The Mexican countryside is beginning to abandon the idea of resuming the roadblocks with which traffic in Mexico collapsed weeks ago. Claudia Sheinbaum’s government reached an agreement in the early hours of Thursday with farmers and hauliers to deal with threats of further road closures over the Christmas period. The Secretary of Agriculture, Julio Berdegué, announced, together with representatives of the countryside, the agreements to resolve crop prices, one of the great concerns of Mexican agriculture. Berdegué said “there is a commitment” to dispelling dark clouds regarding possible new road closures.
The Secretary of the Interior, Rosa Icela, highlighted a few hours later that the Executive had held meetings with representatives of the two sectors. Icela explained that in the coming days there will be technical tables with producers, which will include information and doubts about programs and aid to the sector. “Of course, there is still a lot to do,” the secretary acknowledged.
Asked if these agreements would guarantee freedom of transit at Christmas, Icela took a dig at the protesters: “They signed this. But this is the third time they have signed it.” The head of the agency once again called for dialogue to resolve the problem: “What we are saying is that a civil servant serves better and with more pleasure if there is no blockade. We are civil servants and by obligation we must serve. But our point is that the population is not affected.” Berdegué was more optimistic during his speech, assuring that the Executive hopes that citizens will be able to spend the holidays “in complete tranquility” and that there will be “total free movement throughout the Republic”.

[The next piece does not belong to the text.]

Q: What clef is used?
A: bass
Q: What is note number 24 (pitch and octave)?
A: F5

These are not the only agreements reached with the Sheinbaum government. Representatives of the carriers and the Interior Ministry also eased tensions. Interior Undersecretary César Yañez summed it up in an early morning conference, during which he did not elaborate further: “Any threat of blockade is deactivated.” The undersecretary described the path they traveled during the meeting, which lasted about eight hours: “There will be no mobilization. The best of all is that the issues related to security are resolved, the issues of improving agricultural products, many coincidences between their requests and what the Secretariat and the Government have raised regarding agriculture.”.

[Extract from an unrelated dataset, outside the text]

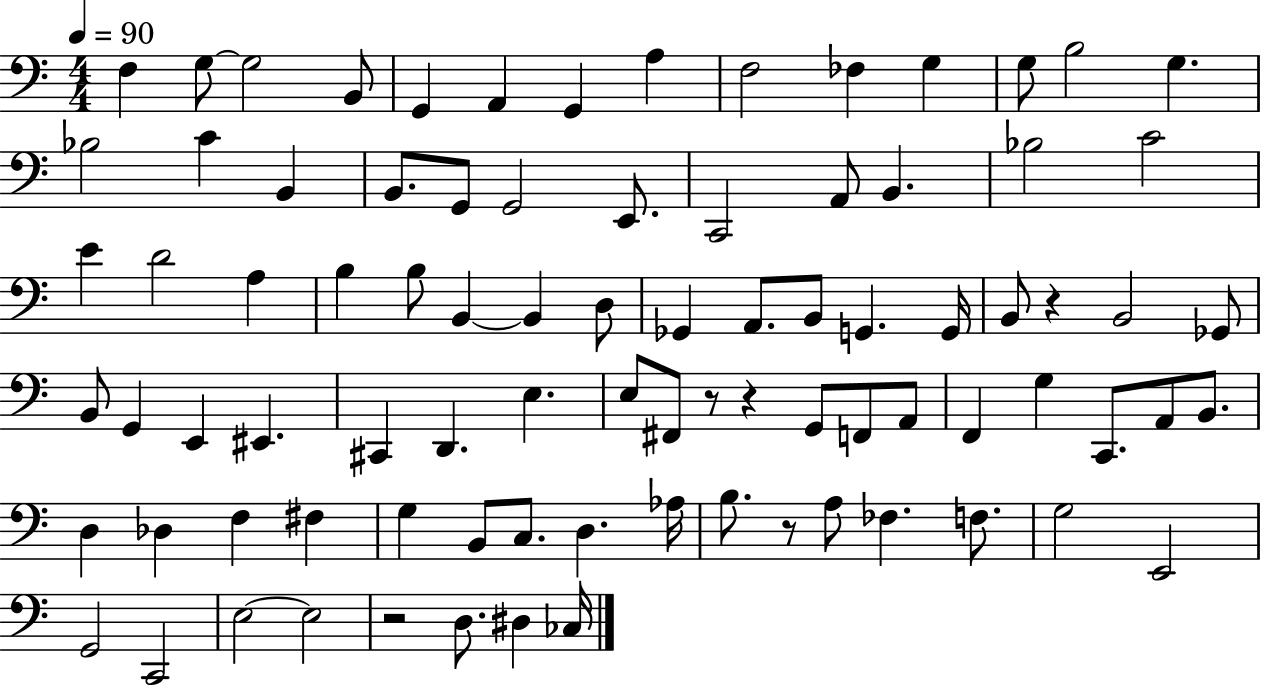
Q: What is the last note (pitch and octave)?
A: CES3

It’s the latest chapter in a back-and-forth of tensions between Mexico’s countryside and the government, embroiled in discussion since late October, when they began blocking the country’s roads to demand answers to low crop prices and an attack on insecurity. But also to discuss the water law, a regulation which fueled the conflict. The center of this controversy was that with the regulation, water use concessions can no longer be transmitted between individuals, a change that would require returning to the State so that the National Water Commission (Conagua) can reallocate them.